Minimum Wage Harms the Poor
ALTHOUGH no amount of frustration with "the system" can justify widespread violence, inner-city residents do suffer from a dearth of opportunity. The answer to some activists, like Jesse Jackson, is therefore more federal intervention and spending. They seem to think that "cuts" (actually reductions in the rate of growth) in social programs by the Reagan and Bush administrations are the chief culprits in the latest outburst of urban warfare.
Yet 30 years after the inauguration of the Great Society, it should be obvious that Washington cannot solve deep-seated social problems with money. To the contrary, ill-considered government action bears much of the blame for the state of the inner city. Welfare programs impede family formation and stability; building codes, rent control, and zoning discourage affordable housing; unaccountable and uncompetitive public-school systems degrade the quality of education; the drug war empowers criminal gangs; and licensing, the minimum wage, and other business regulations restrict economic opportunity.
The minimum wage illustrates the amount of harm caused by well-intentioned public officials.

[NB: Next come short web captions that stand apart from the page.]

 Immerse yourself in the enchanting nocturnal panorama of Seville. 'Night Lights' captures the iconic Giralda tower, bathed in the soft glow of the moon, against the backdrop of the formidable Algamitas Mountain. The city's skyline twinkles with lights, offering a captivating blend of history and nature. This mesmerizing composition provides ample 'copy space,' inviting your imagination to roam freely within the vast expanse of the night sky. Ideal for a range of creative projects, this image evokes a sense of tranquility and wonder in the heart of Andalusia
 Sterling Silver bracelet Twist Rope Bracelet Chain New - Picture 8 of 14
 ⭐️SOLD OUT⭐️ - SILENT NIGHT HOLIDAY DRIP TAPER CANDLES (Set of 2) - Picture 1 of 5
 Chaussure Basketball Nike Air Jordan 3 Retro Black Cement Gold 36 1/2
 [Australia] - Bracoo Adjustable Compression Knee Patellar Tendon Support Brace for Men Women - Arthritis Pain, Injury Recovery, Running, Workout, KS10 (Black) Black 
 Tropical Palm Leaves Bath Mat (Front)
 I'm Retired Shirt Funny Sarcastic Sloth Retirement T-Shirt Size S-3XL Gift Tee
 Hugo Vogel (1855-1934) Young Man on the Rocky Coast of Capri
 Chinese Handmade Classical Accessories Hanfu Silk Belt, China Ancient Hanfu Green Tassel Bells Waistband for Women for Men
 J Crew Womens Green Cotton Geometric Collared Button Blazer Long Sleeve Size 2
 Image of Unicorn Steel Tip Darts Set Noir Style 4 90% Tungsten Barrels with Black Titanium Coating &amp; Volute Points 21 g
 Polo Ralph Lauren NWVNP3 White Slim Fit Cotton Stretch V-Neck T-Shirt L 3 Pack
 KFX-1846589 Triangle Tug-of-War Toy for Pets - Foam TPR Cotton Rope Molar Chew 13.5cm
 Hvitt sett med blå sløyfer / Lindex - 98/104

Long promoted as an antipoverty program, government wage-setting has broken the bottom rungs of the ladder of economic opportunity, making it much harder for the disadvantaged to escape poverty. Placing a wage floor on employment means that the least educated, experienced, and skilled workers - and thus least productive - will not be hired. Some companies just try to do more with less. Others make their customers
work, as through self-service gas stations and salad bars. Or businesses may automate, installing mechanical bank tellers, elevators, and the like.
Although economists disagree over exactly how many jobs are lost due to the minimum wage, they all agree that it reduces employment. The federal Minimum Wage Study Commission estimated that every 10 percent wage hike cuts youth job opportunities by between 1 and 2.5 percent. Other studies suggest that an equal number of young people stop looking for work.
Yet in 1989 Congress voted to raise the minimum wage in stages, up to $4.25 last April. Many states compound the problem by imposing their own, higher minimums. New Jersey's wage floor jumped to $5.05 on April 1. The District of Columbia narrowly averted disaster last winter when the Council set aside the Wage and Hour Board's proposed minimum of $7.25. Even many workers who were supposed to benefit realized that such a hike would cost them their jobs as their employers closed, downsized, or fled to the suburbs.
UPPORTERS of a higher minimum wage argue that it is a "moral" issue, that no one can support a family on $8,840 a year. In fact, more than four-fifths of those receiving the minimum wage are not poor, three-fourths are not heads of households, and only one-third are working full-time. Nor is it morally ennobling to put some people out of work in order to raise the pay of others. The solution to people earning low wages is not to penalize the companies most interested in hiring them. Rather, we should enc ourage firms to provide more "first" jobs that will help people move up the employment ladder.
To enable inner-city people to take advantage of such opportunities, government does need to stop harming its most vulnerable citizens. Inner-city residents need relief not just from rules, such as the minimum wage, that rob them of legal employment opportunities, but also from a public educational system that does not educate and a welfare system that discourages independence.
The perverse incentive structure of welfare is evident from a new study of California's experience with the minimum wage. According to economist Carlos Bonilla, last year's hike to $4.25 has encouraged heads of households to switch from full-time to part-time work because the increase was more than swallowed up by taxes and lost welfare benefits. For a single parent with one child, reports Mr. Bonilla, dropping from 40 to 20 hours of work a week increases the family's annual income by almost $700.
At a time when many activists are calling on the government to do more to help the poor, policymakers must recognize how government is now harming society's most disadvantaged members. Before pushing grand new initiatives to do good, reformers should stop government from doing bad. They could start by eliminating the minimum wage, which has kept so many angry inner-city teens unemployed.